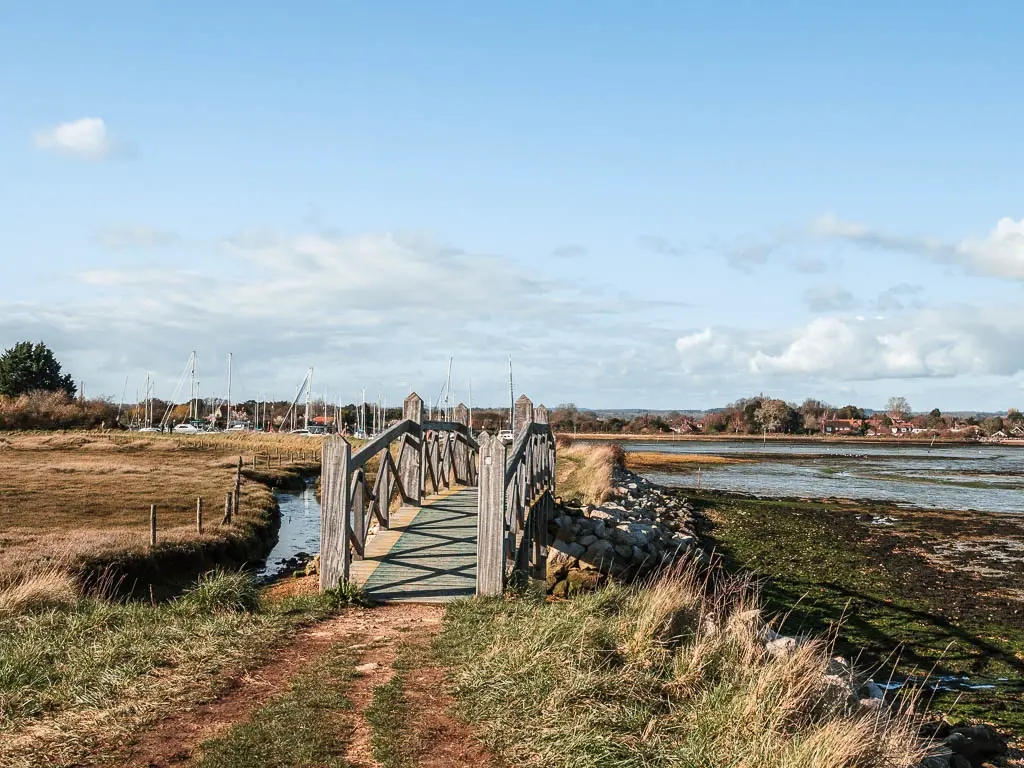 A cute wooden bridge over the waterway.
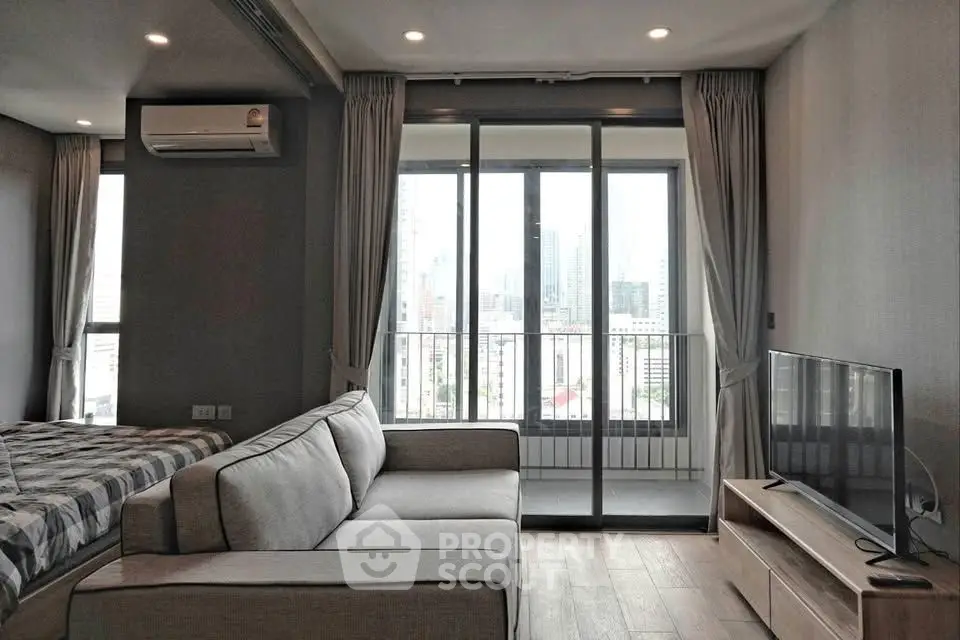 Modern living room with balcony and city view, featuring sleek furniture and natural light.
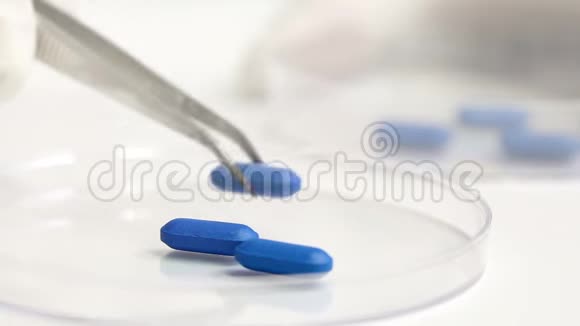 实验室科学家在培养皿中分拣蓝色药丸视频的预览图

How to complete this task:
Every line from the one holding "Modern living room" through the final line of the data above is to be reproduced exactly, both ends included, with the pictures left out.

Finished task:
 Modern living room with balcony and city view, featuring sleek furniture and natural light.
 实验室科学家在培养皿中分拣蓝色药丸视频的预览图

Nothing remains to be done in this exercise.